One employment agency that supplies maids said it is getting increasing requests from customers for Korean workers. Some agencies have told maids from China who went home for the Lunar New Year holiday to take a break for the time being. But it is not easy to find Koreans to replace them.
A support group in Ansan, south of Seoul for Chinese workers gets more and more calls from people who said they were fired simply because of their ethnicity. Most are construction workers and maids.

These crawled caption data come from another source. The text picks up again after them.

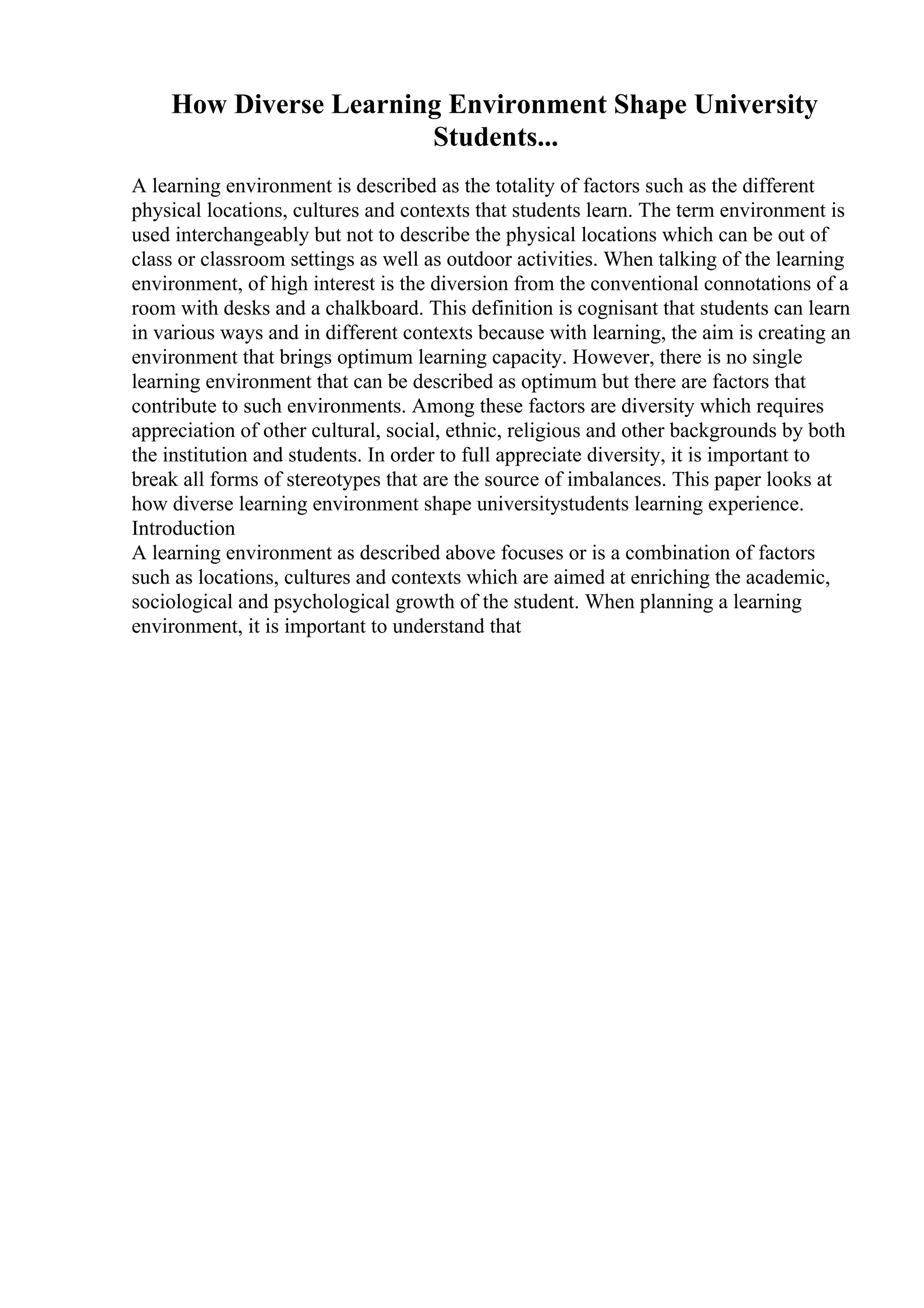 How Diverse Learning Environment Shape University
Students...
A learning environment is described as the totality of factors such as the different
physical locations, cultures and contexts that students learn. The term environment is
used interchangeably but not to describe the physical locations which can be out of
class or classroom settings as well as outdoor activities. When talking of the learning
environment, of high interest is the diversion from the conventional connotations of a
room with desks and a chalkboard. This definition is cognisant that students can learn
in various ways and in different contexts because with learning, the aim is creating an
environment that brings optimum learning capacity. However, there is no single
learning environment that can be described as optimum but there are factors that
contribute to such environments. Among these factors are diversity which requires
appreciation of other cultural, social, ethnic, religious and other backgrounds by both
the institution and students. In order to full appreciate diversity, it is important to
break all forms of stereotypes that are the source of imbalances. This paper looks at
how diverse learning environment shape universitystudents learning experience.
Introduction
A learning environment as described above focuses or is a combination of factors
such as locations, cultures and contexts which are aimed at enriching the academic,
sociological and psychological growth of the student. When planning a learning
environment, it is important to understand that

Park Yong-man (65), who runs an employment agency in Daelim-dong in southern Seoul, said, "We have received a barrage of phone calls from clients asking for Koreans to replace Chinese caretakers and maids at post-natal care centers and houses. As Chinese workers refrain from leaving their homes, the number coming here to seek jobs has fallen from 50 a day to fewer than 10."
The construction industry is also facing a shortage. As of 2018, 226,391 foreigners worked in the industry, 52.5 percent ethnic Koreans from China and 26.4 percent Chinese. That means eight out of every 10 construction workers here are from China.
"Chinese laborers account for 30 to 50 percent of our workers on building sites," a staffer at Hyundai Engineering and Construction said. "If the crisis continues, we will face a shortage."
Lee Kyu-yong at the Korea Labor Institute, said, "It's hard to replace ethnic Koreans from China with laborers from Southeast Asia in jobs like hospital carers and babysitters who need to be able to speak Korean. Businesses will have a tough time and pay more money to hire Koreans to replace them."
The shortage will only worsen because the government has temporarily banned Chinese workers with H2 working visit visas from job training classes, which are needed to find a new job.
The Human Resources Development Service of Korea temporarily halted the classes citing the risk of human-to-human transmission of the virus. The Korea Federation of SMEs said 97.1 percent of foreign workers are employed by small businesses with fewer than 300 staff, so if the crisis continues, small business will be hit particularly hard in already tough times.